The news, then, that on the third day after her contact with the wreck of the ship from Iapetus, the Tresak child had fallen ill of a disfiguring malady never before seen on earth, struck the nation and the world a dreadful and terrifying blow. At first there was only a numbness, but at the appearance of the second, and immediately the third cases of the disease, humanity sprang into action. The first thing it did was to pass seven Acts, an Executive Order and three Conventions against any further off-earth touchdowns; so, until the end of the iapetitis epidemic, there was an end to all but orbital space flight.
“You’re going to be all right,” she whispered, and bent to kiss the solemn, comic little face. (They said it wasn’t contagious; at least, adults didn’t get it.) She straightened up and smiled at him, and Billy smiled his half-smile—it was the left half—in response. He said something to her, but by now his words were so blurred that she failed to catch them. She couldn’t bear to have him repeat whatever it was; he seemed always so puzzled when people did not understand him, as if he could hear himself quite plainly. So to spare herself the pathetic pucker which would worry the dark half of his face, she only smiled the more and said again, “You’re going to be all right,” and then she fled.

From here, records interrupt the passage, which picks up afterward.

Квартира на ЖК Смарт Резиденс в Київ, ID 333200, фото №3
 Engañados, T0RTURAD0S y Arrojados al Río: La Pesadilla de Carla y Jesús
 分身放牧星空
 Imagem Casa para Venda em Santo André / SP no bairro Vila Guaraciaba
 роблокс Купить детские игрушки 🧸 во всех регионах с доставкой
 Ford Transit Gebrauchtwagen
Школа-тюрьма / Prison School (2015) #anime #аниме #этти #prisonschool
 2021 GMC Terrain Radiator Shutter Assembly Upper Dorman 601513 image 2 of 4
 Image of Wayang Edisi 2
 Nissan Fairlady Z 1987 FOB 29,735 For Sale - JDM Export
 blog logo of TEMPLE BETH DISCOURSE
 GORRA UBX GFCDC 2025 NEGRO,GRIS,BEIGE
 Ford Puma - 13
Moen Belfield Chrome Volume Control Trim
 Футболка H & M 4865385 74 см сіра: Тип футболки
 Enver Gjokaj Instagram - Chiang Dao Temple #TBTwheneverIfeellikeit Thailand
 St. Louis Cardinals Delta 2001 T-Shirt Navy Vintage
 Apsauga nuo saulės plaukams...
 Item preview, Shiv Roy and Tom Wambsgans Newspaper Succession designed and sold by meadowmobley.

Outside in the corridor she leaned for a moment against the wall and got rid of the smile, the rigid difficult hypocrisy of that smile. There was someone standing there on the other side of the scalding blur which replaced the smile; she said, because she had to say it to someone just then: “How could I promise him that?”
“One does,” said the man, answering. She shook away the blur and saw that it was Dr. Otis. “I promised him the same thing myself. One just. . . does,” he shrugged. “Heri Gonza promises them, too.”